The persecution and the targeting of tens of thousands of Christians and other religious minorities, Patriarch Bartholomew stressed, “can never be justified in the name of any religious creed or conviction.”
Brutal violence continues to plague Iraq as militants with the Islamic State, known as ISIS, have taken control of numerous cities and ordered Christians and other religious minorities to convert, pay a tax known as a jizya, or be killed.
Patriarch Bartholomew warned that the violence in Iraq threatens not only religious minorities, but “an entire civilization.”
“The victimization and extermination of women and children, as well as of the elderly and disabled, for any reason whatsoever – much more so in the supposed name of religious conviction – is a repudiation of our own future,” he added.
The patriarch, who is widely known for his contribution to dialogue and peace-building efforts, appealed to all involved religious leaders and political authorities “to promote conversation to resolve dispute, and to support peaceful means to overcome conflict.”
“Violence never is pacified by violence, and hatred is only overcome by tolerance.”
The call to dialogue and encounter is essential for leaders in all conflict-ridden parts of the world, the patriarch said, referencing the situation in Gaza and Israel and the interfaith peace summit held at the Vatican in June, at which he and Pope Francis prayed with Presidents Shimon Peres and Mahmoud Abbas.
However, “(t)he situation in Iraq is especially critical,” he noted. “The humanitarian predicament is more urgent than ever.
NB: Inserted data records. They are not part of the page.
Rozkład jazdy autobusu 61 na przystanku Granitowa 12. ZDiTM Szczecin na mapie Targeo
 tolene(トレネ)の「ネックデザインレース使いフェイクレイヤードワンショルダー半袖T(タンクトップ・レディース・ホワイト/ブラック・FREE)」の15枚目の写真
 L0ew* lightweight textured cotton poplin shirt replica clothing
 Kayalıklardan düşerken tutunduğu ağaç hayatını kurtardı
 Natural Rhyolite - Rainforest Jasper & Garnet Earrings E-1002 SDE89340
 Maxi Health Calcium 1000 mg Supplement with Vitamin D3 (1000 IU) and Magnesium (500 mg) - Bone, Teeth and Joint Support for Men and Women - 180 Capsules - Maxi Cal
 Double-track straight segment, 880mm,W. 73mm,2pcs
Our response must be immediate and tangible.”
Patriarch Bartholomew called on “every responsible organization and every person of good will – beyond any support through perpetual and persistent prayer – to assist with material and humanitarian resources so that these innocent victims may no longer endure hunger, suffering, and death.”
The Ecumenical Patriarch of the Eastern Orthodox Church has spoken out against the persecution of religious minorities in Iraq, calling for dialogue and immediate humanitarian aid.